- Aim of the task:
Below are entries; output exactly the lines from the one with "image for item" to the one with "Suspeito de matar", both included, and nothing else.

- Task data:
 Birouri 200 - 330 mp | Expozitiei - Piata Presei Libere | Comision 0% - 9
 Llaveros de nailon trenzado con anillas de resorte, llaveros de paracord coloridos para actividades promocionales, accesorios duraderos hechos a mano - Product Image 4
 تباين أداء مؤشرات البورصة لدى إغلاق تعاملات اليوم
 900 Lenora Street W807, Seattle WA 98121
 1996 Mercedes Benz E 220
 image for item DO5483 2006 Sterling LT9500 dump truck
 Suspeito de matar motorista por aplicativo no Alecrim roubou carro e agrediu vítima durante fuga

---

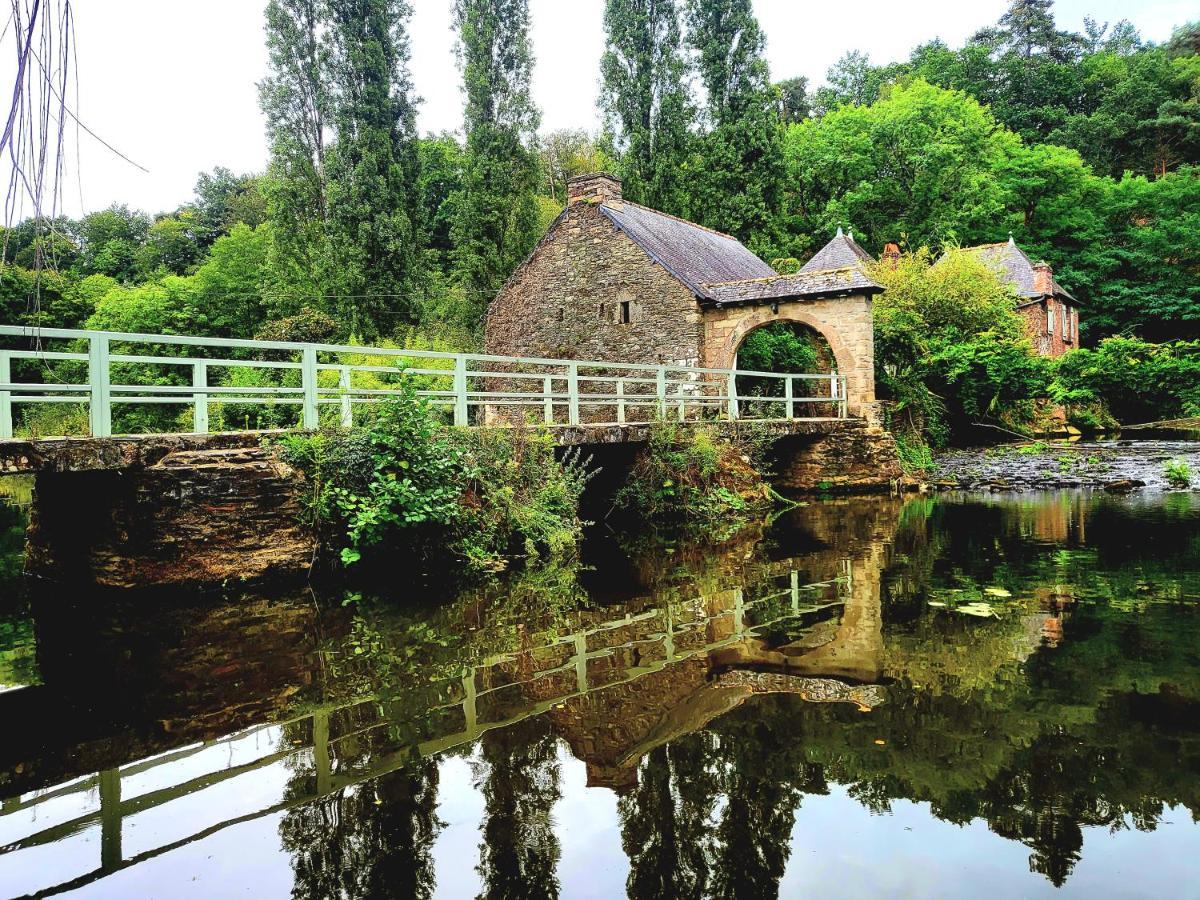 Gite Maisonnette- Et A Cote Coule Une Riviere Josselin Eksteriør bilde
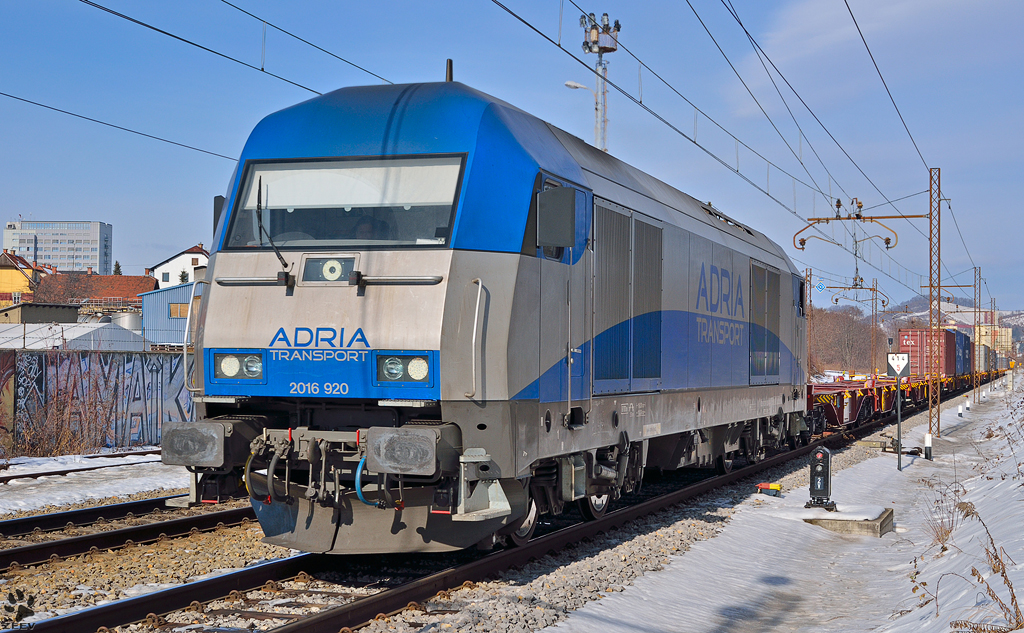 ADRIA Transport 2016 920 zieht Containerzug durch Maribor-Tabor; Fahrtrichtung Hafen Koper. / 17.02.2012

- Finished exercise:
 image for item DO5483 2006 Sterling LT9500 dump truck
 Suspeito de matar motorista por aplicativo no Alecrim roubou carro e agrediu vítima durante fuga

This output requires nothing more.